And, assuming your returned data is a small portion of your total document,
that should fix you up.

But a higher-level statement of the problem you're trying to resolve would
sure be helpful in terms of making reasonable suggestions. You haven't
characterized the problem you're trying to solve at all. As in *why* you
need
to return all the documents, the characteristics of the docs you're trying
to fetch. How big your data set is (as in # of docs). etc. etc. Unless and
until you
provide some of those details, all the advice in the world is just a shot
in the dark.

Shy do you think that " To perform 1000 term query searches each
with around 2000 hits" taking "well over a minute" is unacceptable?
After all, that's 2,000,000 documents you're analyzing. A minute
seems reasonable. What problem are you *really* trying to solve? or
is this just a load test?

Best
Erick


On Mon, Apr 14, 2008 at 10:17 AM, Chris McGee <[hidden email]> wrote:

> Hi Erick,
>
> Thanks for the information. I tried using a HitCollector and a
> FieldSelector. I'm getting some dramatic improvements gathering large
> result sets using the FieldSelector. As it turned out I was able to assume
> in many cases that I could break out after a specific field in each
> document.
>
> Assuming that I need to gather all result documents each time, what are
> the advantages of using a HitCollector over Hits?
>
> Is there some way that I can load the index portion of the lucene data
> storage into RAM without loading everything into a RAMDirectory?
>
> Thanks,
> Chris McGee
>
>
>
>
> "Erick Erickson" <[hidden email]>
> 10/04/2008 04:18 PM
> Please respond to
> [hidden email]
>
>
> To
> [hidden email]
> cc
>
> Subject
> Re: How to improve performance of large numbers of successive searches?
>
>
>
>
>
>
> From this <<< iterate over all of the hits>>> I infer that you're
> using a Hits object. This is a no-no when getting more than 100
> or so objects. In a nutshell, the query gets re-executed every 100
> fetches.

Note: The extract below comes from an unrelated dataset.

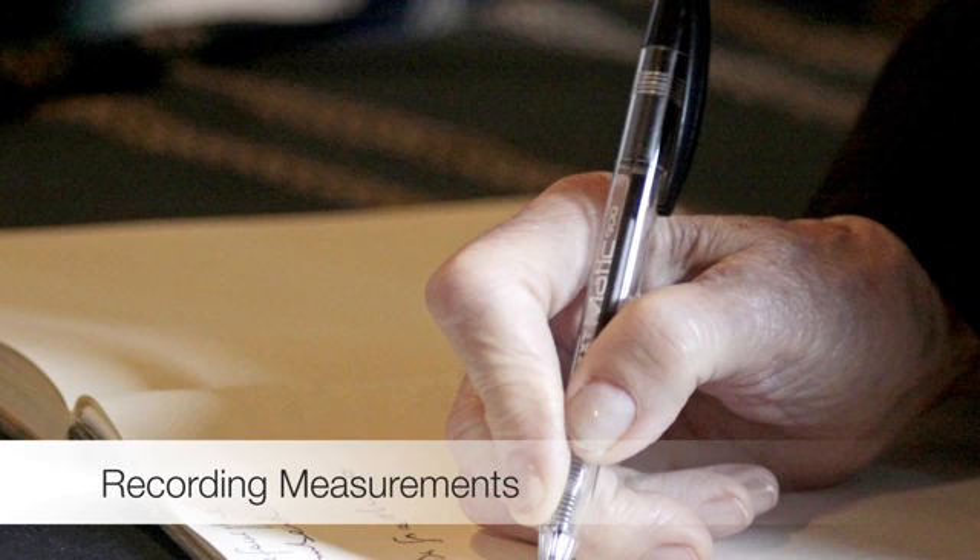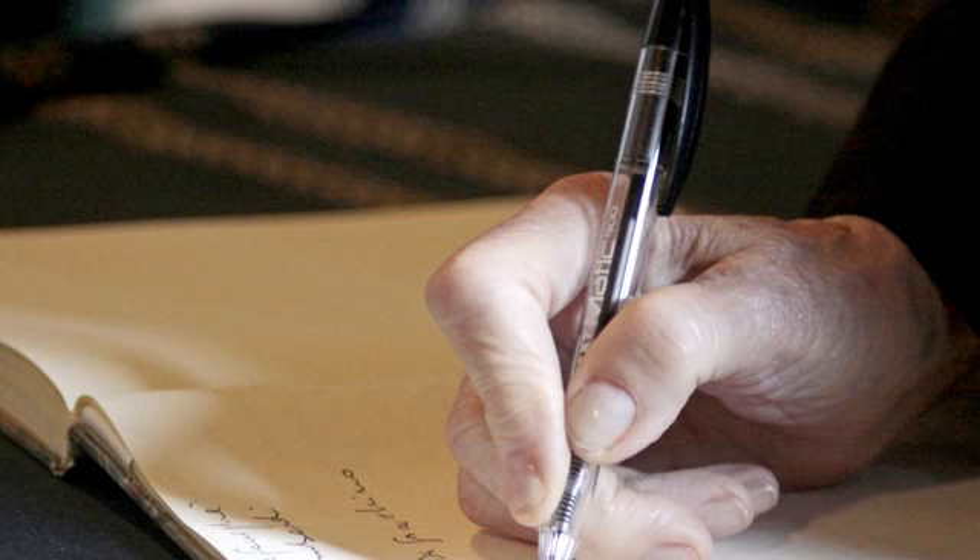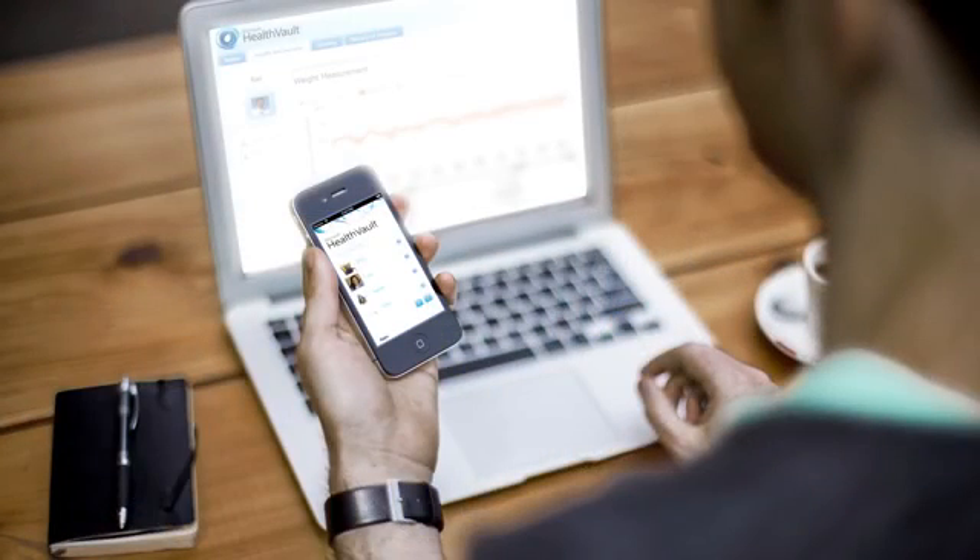You should keep a record so you and your doctor can track your readings over time. This can be done with a booklet included with your monitor or a simple notebook. ADC's advanced models are able to electronically send data to your PC, smartphone, or tablet.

So your 2,000 hits are executing the query 20 times.
>
> The Hits object is optimized for returning the top few scoring
> documents rather than get the entire result set.
>
> See HitCollector/TopDocs/TopDocCollector etc. for better ways
> of doing this.
>
> Also, if you're calling IndexReader.document(i) for each document
> you'll inevitably take a lot of time as you're loading all of each
> document.
> Think about lazy field loading (see FieldSelector).
>
> Best
> Erick
>
> P.S. If this is totally off base, perhaps you could post some of the
> code you think is slow....
>
> On Thu, Apr 10, 2008 at 2:34 PM, Chris McGee <[hidden email]> wrote:
>
> > Hello,
> >
> > I am building fairly large directories (200-500 MB of disk space) using
> > lucene-java. Sometimes it can take upwards of 10-15 mins to create the
> > documents and write them to disk using my current configuration. I have
> > upgraded to the latest 2.3.1 version and followed many of the
> > recommendations offered on the wiki:
> >
> > http://wiki.apache.org/lucene-java/ImproveIndexingSpeed
> >
> > These tips have significantly improved the time to build the directory
> and
> > search it. However, I have noticed that when I perform term queries
> using
> > a searcher many times in rapid succession and iterate over all of the
> hits
> > it can take a significant time. To perform 1000 term query searches each
> > with around 2000 hits it takes well over a minute. The time seems to
> vary
> > linearly based on the number of searches (ie. 10 times more searches
> take
> > 10 times longer). I tried combining the searches into a BooleanQuery but
> > it only shaves off a small percentage (5-10%) of the total time.
> >
> > I was wondering if there is a faster way to retrieve all of the results
> > for my large collections of terms without using more memory and without
> > taking more time to build the directory? I already looked at bypassing
> the
> > searcher and using the IndexReader.termDocs() method directly to
> retrieve
> > the documents but there did not seem to be much performance improvement.
> > In the majority of my cases I am simplying looking for a large number of
> > values to the same field. Also, I'm not interested in scoring results
> > based on frequency or weights I need to retrieve all of the results
> > anyway.
> >
> > Any help with this would be great.
> >
> > Thanks,
> > Chris McGee
>
>
Reply | Threaded
Open this post in threaded view
|

Re: How to improve performance of large numbers of successive searches?

Chris McGee
Hi Erick,

Here is a quick overview of what I hope to accomplish with lucene. I am
using a lucene database to store condensed information about a collection
of data that I have. The data has to be constantly updated for correctness
so that when one part changes certain other parts can be changed. Also,
various queries will be performed on this data but in all cases the total
result set must be retrieved and not just a select few hits. The results
are used to manage the overall correctness of my data store and not to
present to the user in some filtered way (by rank and only the top 100
hits for example). Also, there could be cases where there will be a large
set of terms to search for. To load all of this data into RAM is not
feasible in most cases because there is too much data even if it was
compressed.

So, I hope to be able to minimize the time to update the lucene database
from my data store. I have already upgraded to Lucene 2.3.1 and performed
a number of the suggestions on the lucene wiki with some success. As well,
I want to help speed up the time it takes to query for a large number of
terms (in most cases the terms have the same field name but different
values).

In all cases I want to retrieve all matching documents at once. Because
all matching documents must be retrieved I have no need for scoring,
weights, boosts or any ranking of the results. Is there a way to strip
away any of these pieces for better querying and directory building
performance?

Thanks for your help,
Chris




"Erick Erickson" <[hidden email]>
14/04/2008 10:36 AM
Please respond to
[hidden email]


To
[hidden email]
cc

Subject
Re: How to improve performance of large numbers of successive searches?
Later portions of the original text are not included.